24. Juli 2007 von Redaktion in Allgemein, News, Sonstiges
Gelesen: 902 · heute: 2 · zuletzt: Sonntag, 13. Mai 2012 - 16:59

Mondpreise und Lockvogelangebote

rabatt.jpgDer Schlussverkauf ist tot - lang lebe der Schlussverkauf! Seit Januar 2004 dürfen deutsche Händler das ganze Jahr über mit Sonderverkäufen locken - und halten häufig trotzdem freiwillig am traditionellen Sommerschlussverkauf fest. Gestern hat der vierte inoffizielle SSV begonnen. Viele Schnäppchenjäger freuen sich auf Wühltische und Rabatte. Doch aufgepasst: So manches Schnäppchen erweist sich im Nachhinein als zu teuer.

Testberichte.de verrät Ihnen ein paar Verkaufstricks der Händler und zeigt, wie Sie diese rechtzeitig erkennen und sich wirkungsvoll davor schützen. Oberstes Gebot für eine erfolgreiche Schnäppchenjagd: Informieren Sie sich vor dem Kauf über die Preise. Vergleichen Sie die Angebote. Das geht im Internet zum Beispiel ganz einfach auf der Webseite Preisvergleiche.de. Es gilt die Devise: Wer gut über die Preise informiert ist, fällt nicht so schnell auf vermeintliche Schnäppchen herein.

Die Händlertricks sind vielfältig. Ein beliebtes Mittel ist der so genannte Mondpreis. “Um einen Mondpreis handelt es sich, wenn der Ausgangspreis künstlich erhöht wurde und die Preissenkung damit Augenwischerei ist”, erklärt die Online-Ausgabe des Hamburger Abendblattes. Auch Preisnachlässe auf die unverbindliche Preisempfehlung des Herstellers kommen gerade bei Consumer Electronics keinesfalls automatisch einem Schnäppchen gleich. Verbraucherschützern zufolge sei die Preisempfehlung häufig zu hoch angesetzt, die “alten” Produktpreise aufgrund sich ständig weiterentwickelter Technologien oftmals bereits überholt. Kurz: Der Kunde erhält veraltete, noch immer viel zu teure Technik.
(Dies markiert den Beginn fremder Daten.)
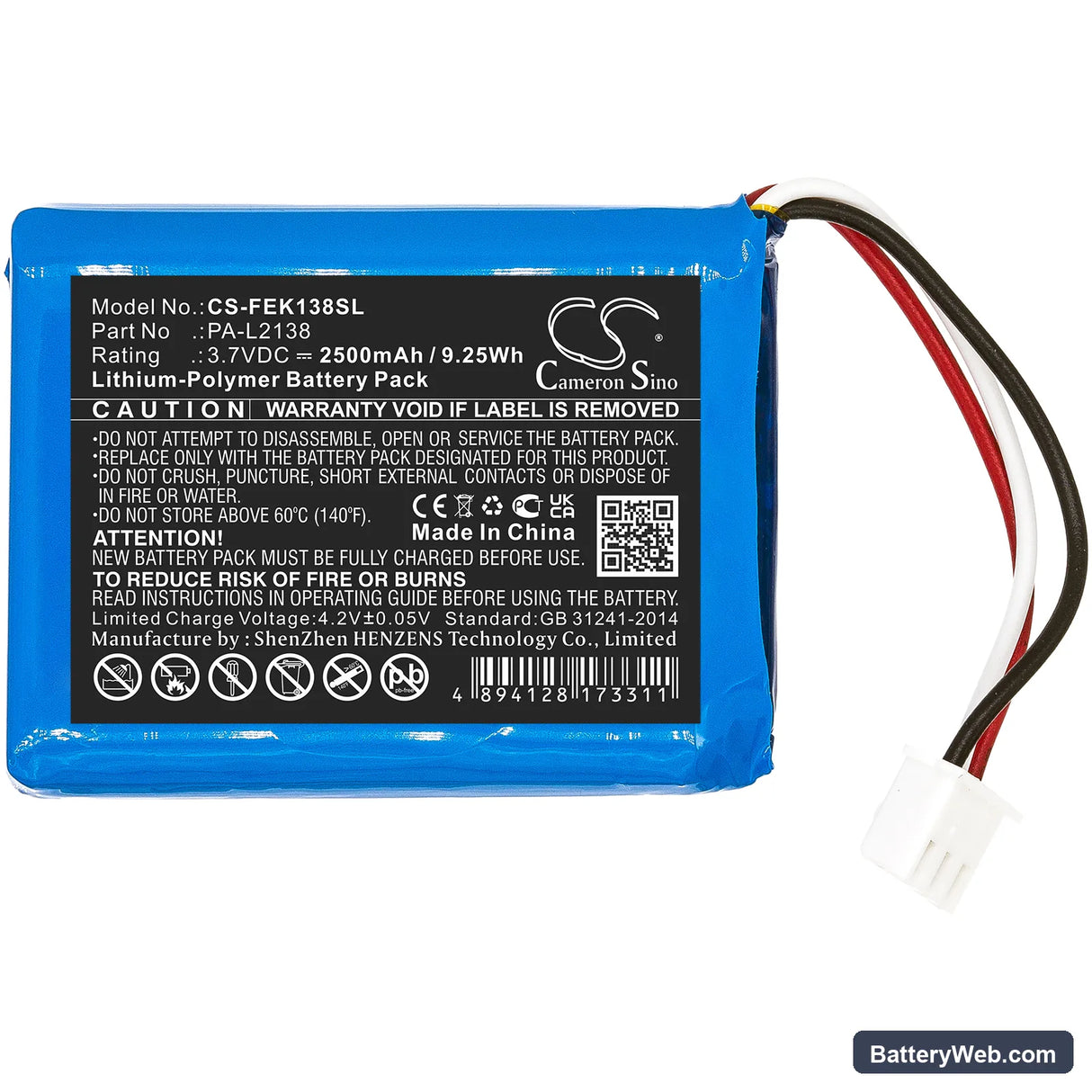 Fey Elektronik PA-L2138 Replacement Battery, 3.7V, 2500mAh, Li-Polymer 3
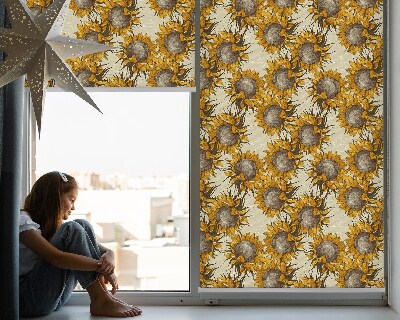 Tenda a rullo in tessuto modello girasole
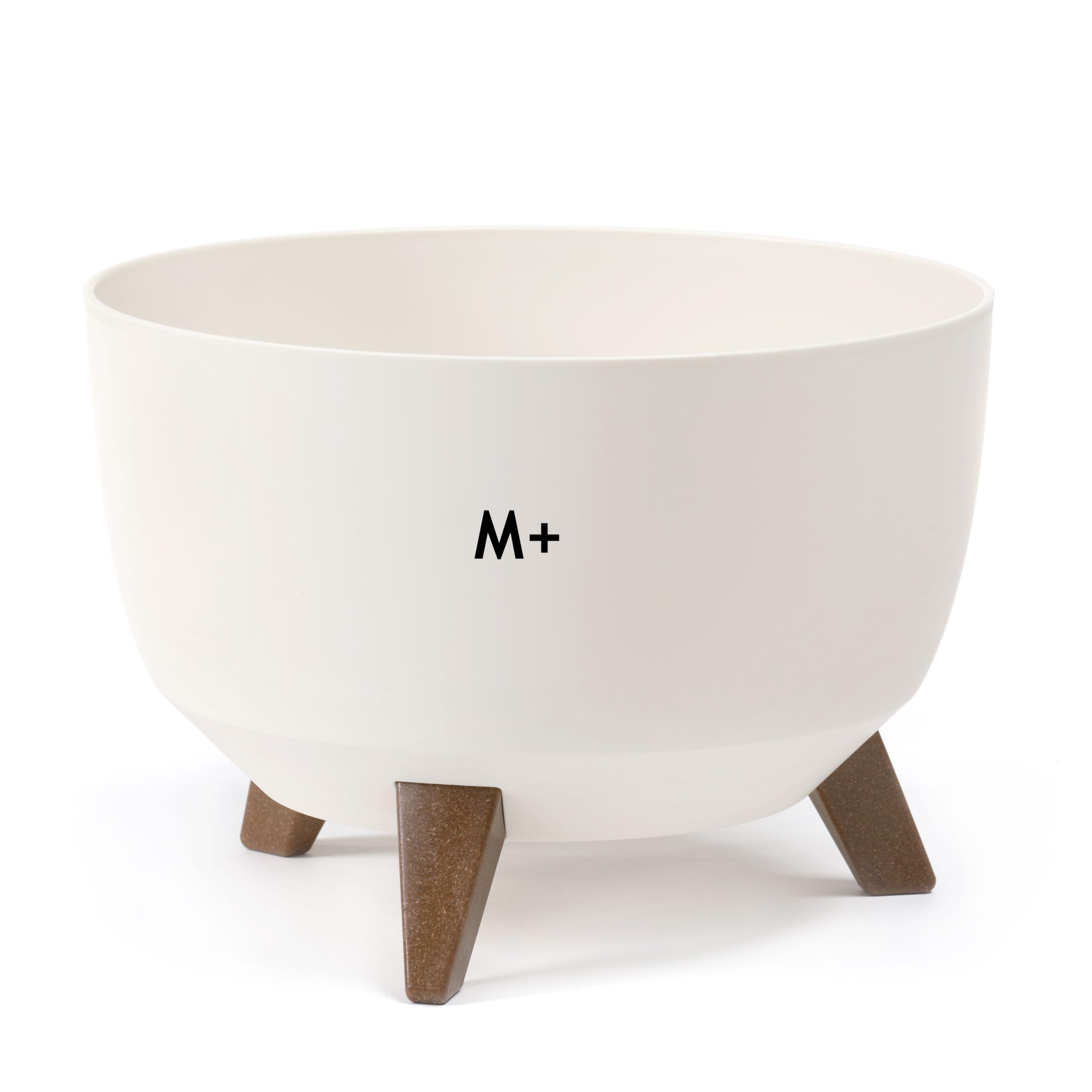 MELTOM Blumentopf mit Füßen aus Kunststoff Schale Rund mit Einsatz Kräutertopf (Creme, M+ 33 cm)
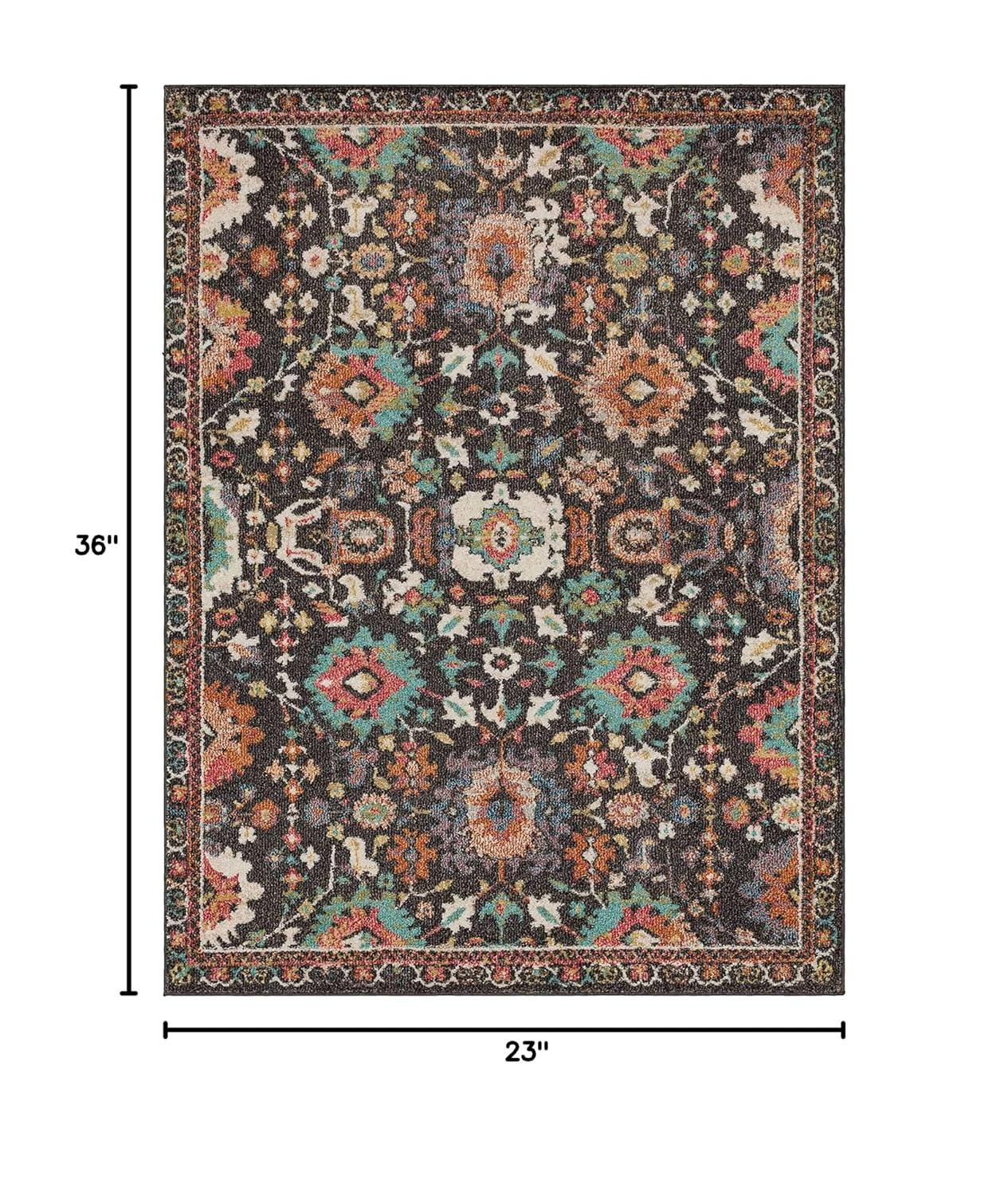 Mohawk Home Norwood Charcoal Grey 1' 11" x 3' Boho Ornamental Area Rug Perfect for Living Room, Dining Room, Office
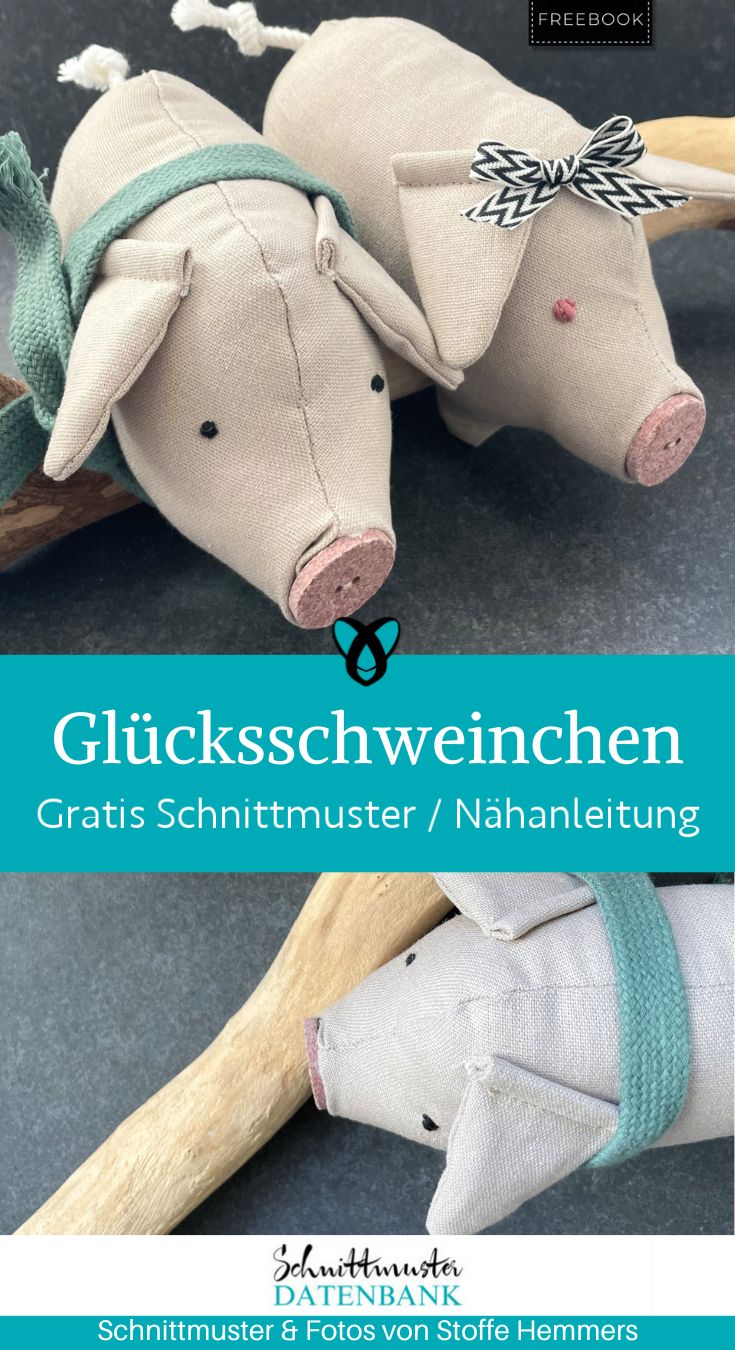 Gluecksschwein schwein naehen kostenloses schnittmuster gratis Freebook naehidee naehanleitung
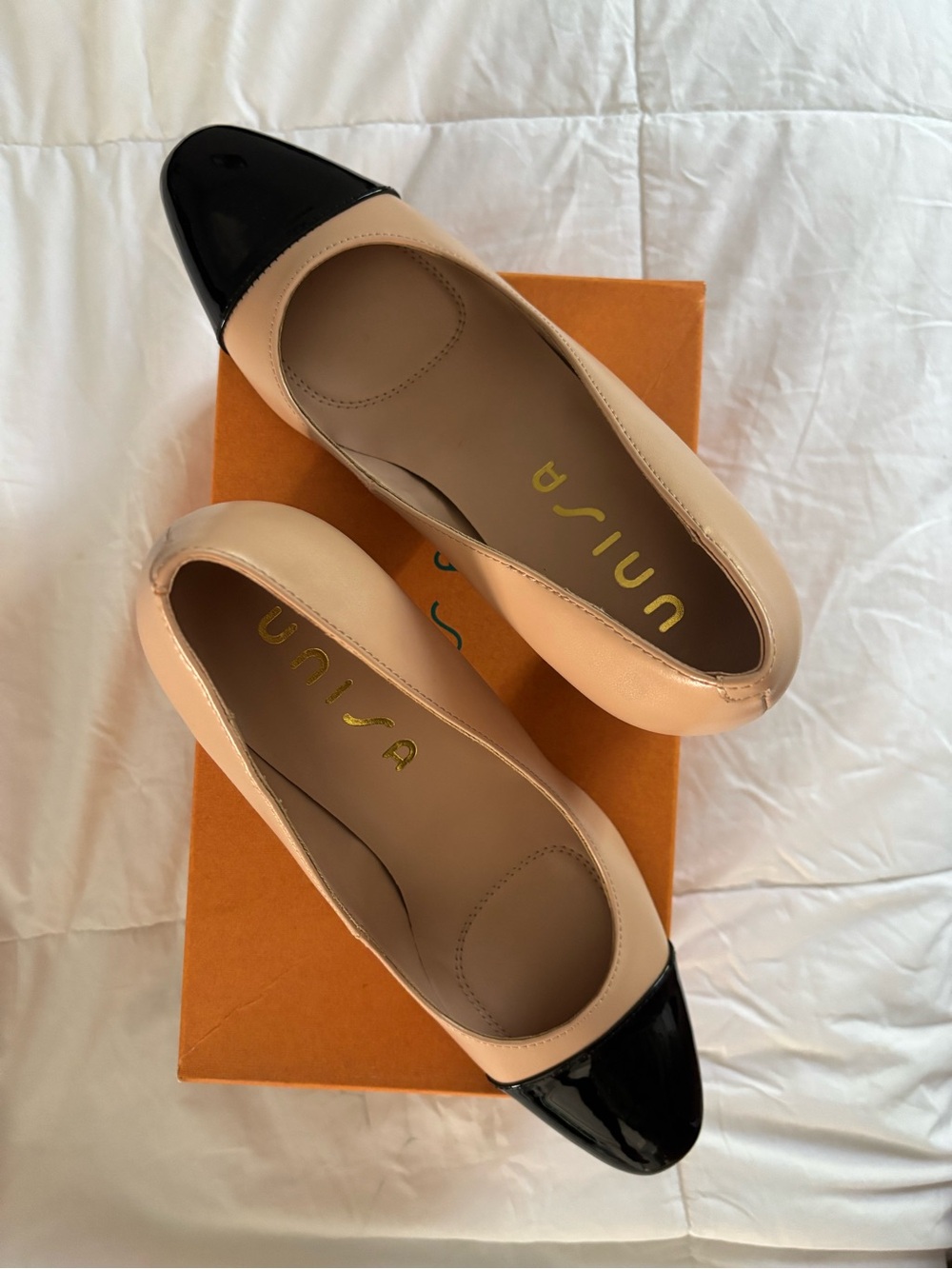 Unisa Nude and Black Cap-Toe Ballet Flats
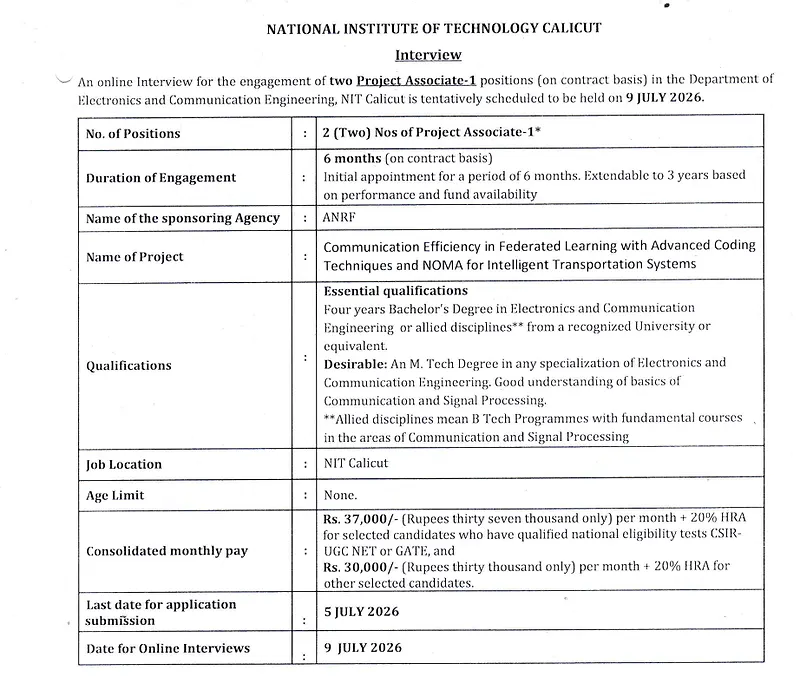 Project Associate-I Recruitment 2026 | National Institute of Technology Calicut (NIT Calicut)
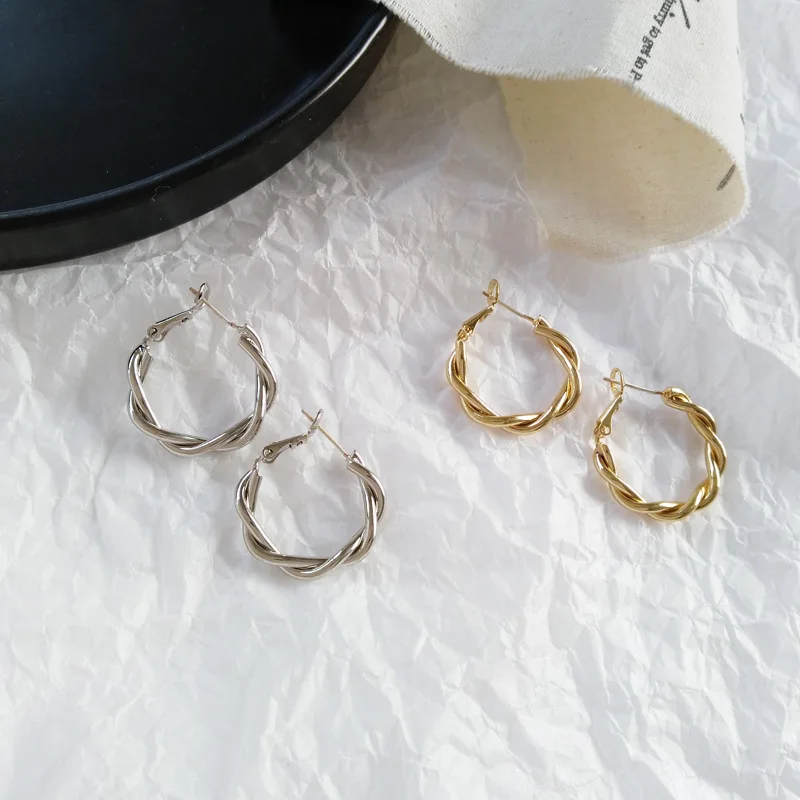 Серьги кольца Twist для женщин роскошные ювелирные изделия|Серьги-кольца| |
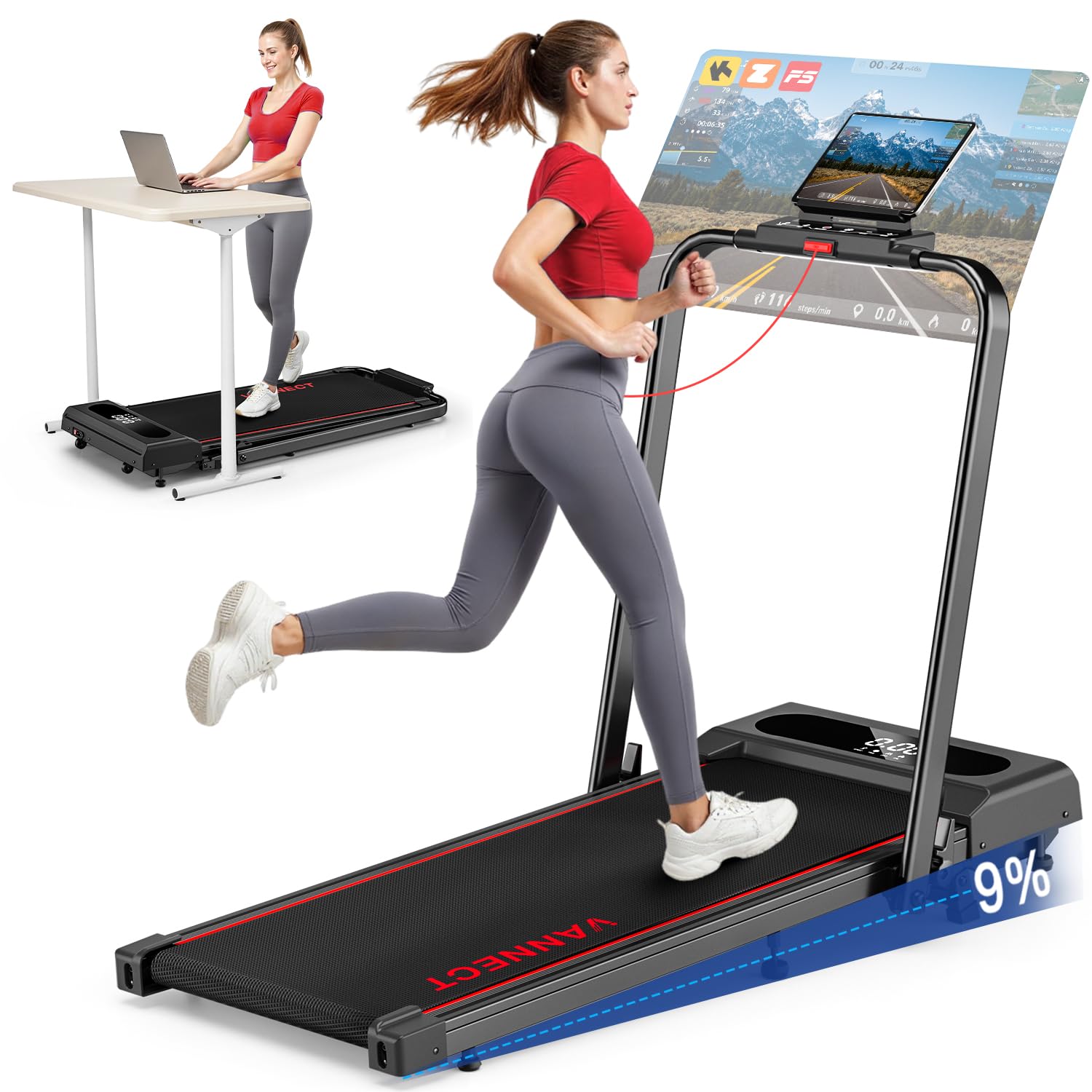 71kQqlUegbL._SY1500_.jpg VANNECT Walking Pad – Klappbares Laufband mit 9% Steigung & App-Steuerung bis 150 kg – Bild 1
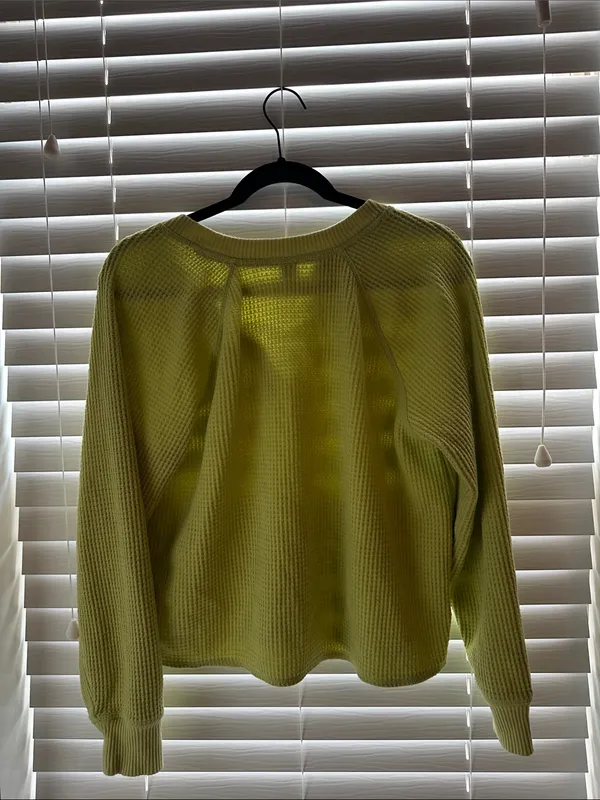 Old Navy Lime Green Henley Crew Sweater - Image 3
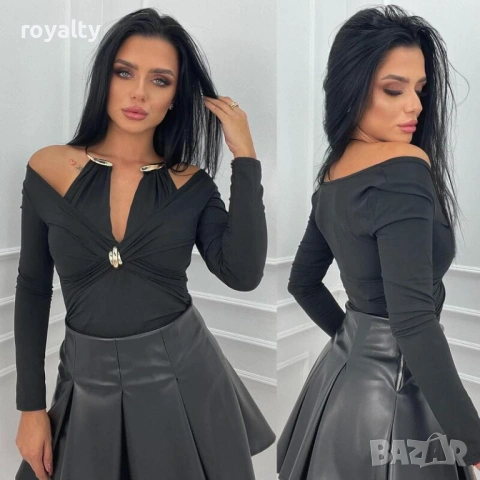 Боди със Златни Акценти Два Цвята , снимка 2 - Бельо - 53483463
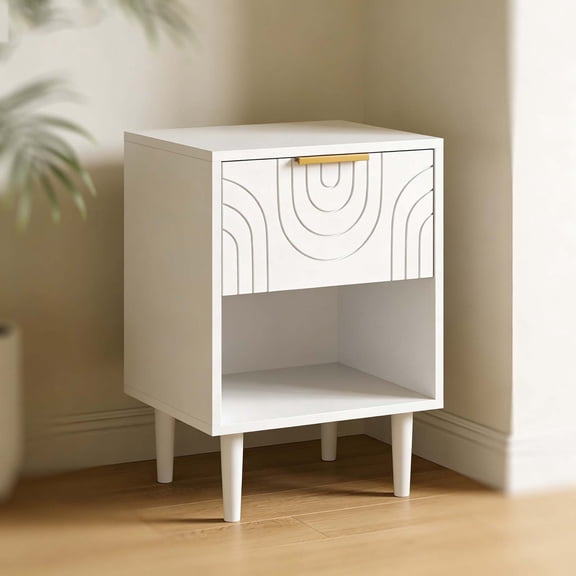 White Kids Nightstand with Drawer & Gold Handle, Modern Wood Leg Compact Bedside Table, Space-Saving End Table for Boys Girls Bedroom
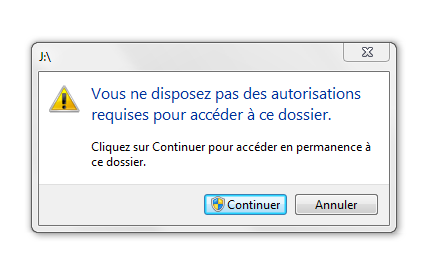 Vous ne disposez pas des autorisations requises pour accéder à ce dossier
Vorsicht auch vor Produkten aus der Werbung, die innerhalb kürzester Zeit vergriffen sind - es könnte sich um ein
“Lockvogelangebot” handeln. Der Gesetzgeber schreibt vor, dass Sonderangebote mindestens zwei Tage vorrätig sein müssen. Sollte das gewünschte Produkt bereits am Erscheinungstag der Werbung ausverkauft sein, empfehlen Verbraucherschützer, bei der Geschäftsleitung zu verlangen, dass das entsprechende Angebot nachbestellt wird. Für den Fall, dass die Nachbestellung verweigert wird, sollten sich Kunden an ihre Verbraucherzentrale wenden.